*Required work*
Required from the data below: the exact lines starting at the line containing "A bed or beds" and ending at the line containing "Beautiful winter background", with both ends kept and all pictures dropped.

*The data*
+ + + + + + +

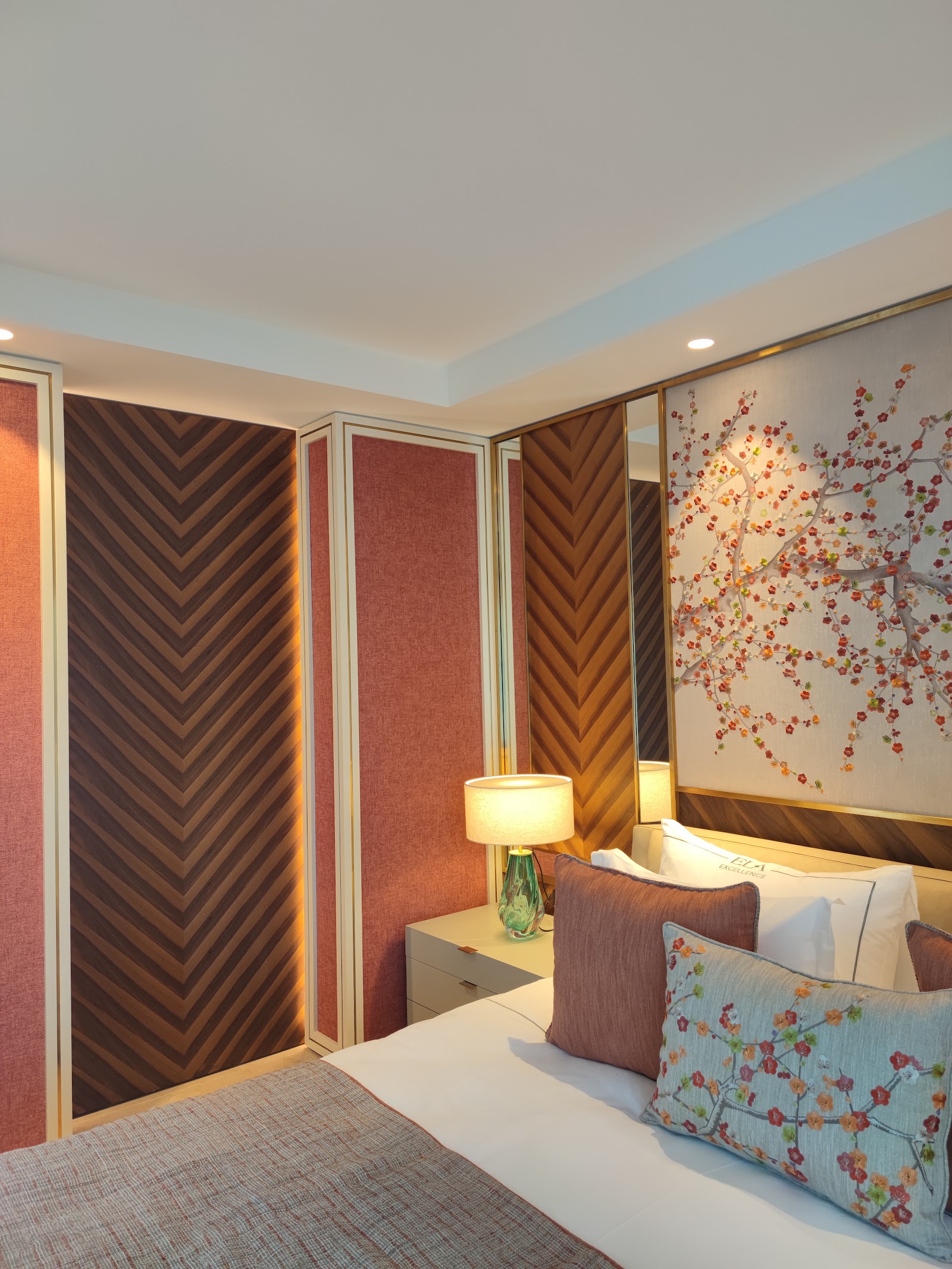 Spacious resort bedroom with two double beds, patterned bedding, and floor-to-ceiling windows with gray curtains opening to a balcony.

+ + + + + + +

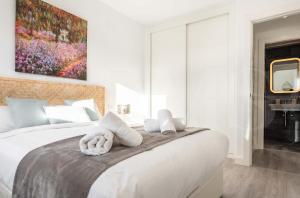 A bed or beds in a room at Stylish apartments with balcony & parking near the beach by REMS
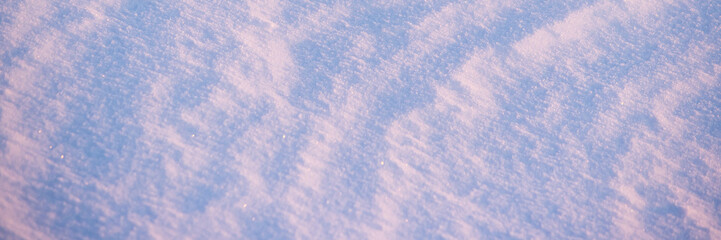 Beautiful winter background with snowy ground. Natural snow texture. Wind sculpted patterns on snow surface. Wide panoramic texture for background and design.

+ + + + + + +

*Exercise answer*
 A bed or beds in a room at Stylish apartments with balcony & parking near the beach by REMS
 Beautiful winter background with snowy ground. Natural snow texture. Wind sculpted patterns on snow surface. Wide panoramic texture for background and design.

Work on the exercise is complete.